President Lee, who summoned an emergency security meeting immediately after the sinking, called two more sessions on Saturday.
He ordered a "thorough and swift probe" into the cause of the sinking, "keeping all windows of possibility open," a spokeswoman said.
Yonhap news agency quoted a military source as saying the force of the blast near the propeller had lifted the vessel about a foot (30 centimetres) into the air.
Military officials said they had no information to confirm the report.
Some US navy ships were in the area, standing by to help if necessary. The US stations 28,500 troops in South Korea.
In Washington, the State Department said it had no evidence of North Korean involvement.
Last November the navies of the two Koreas exchanged fire in the area and a North Korean patrol boat retreated in flames with unknown casualties.
The two Koreas have remained technically at war since their 1950-1953 conflict ended only in an armistice.

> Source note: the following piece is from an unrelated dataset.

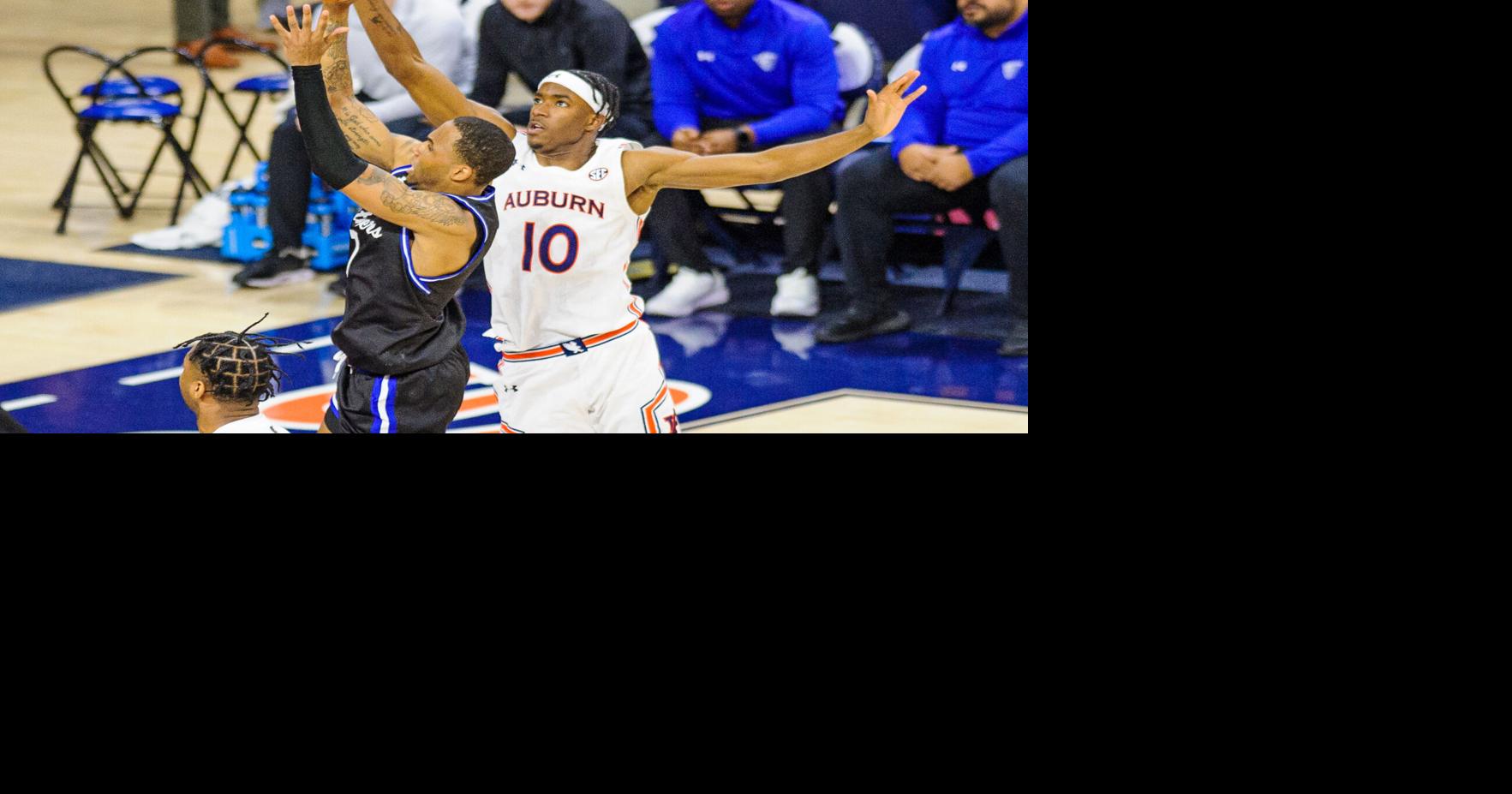 Former Auburn guard Chance Westry announces commitment to Syracuse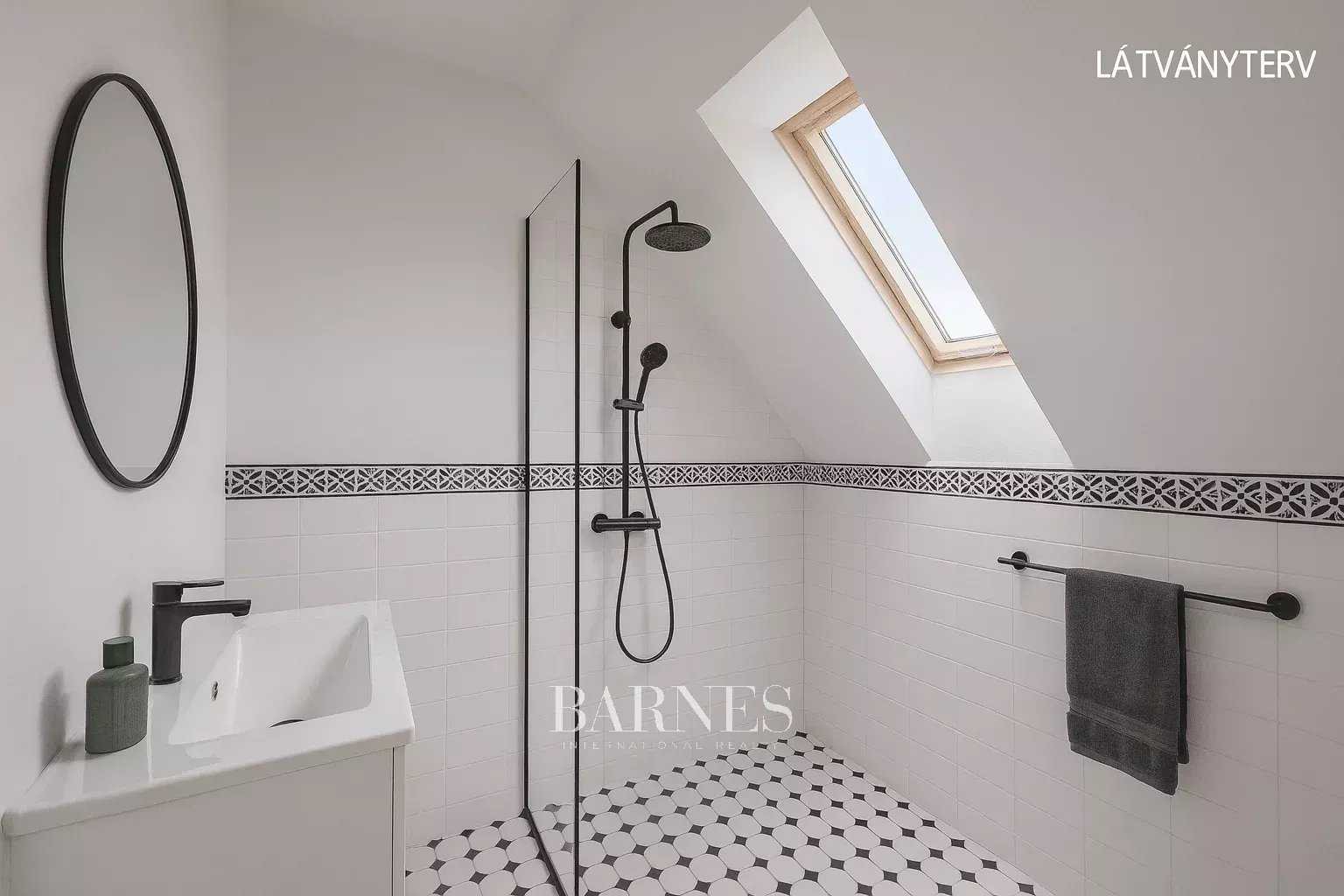 Balatonfüred  - Maison jumelée 4 Pi&egrave;ces 3 Chambres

The North refuses to accept the maritime border known as the Northern Limit Line, which was drawn up by United Nations forces after the war. It says the line should run further to the south.
In January the North fired 370 artillery shells into the sea near the border, raising tensions between the two sides.
In an indication of sensitivities around the peninsula, Taiwan to the south activated its national security mechanism and President Ma Ying-jeou ordered close monitoring of the situation.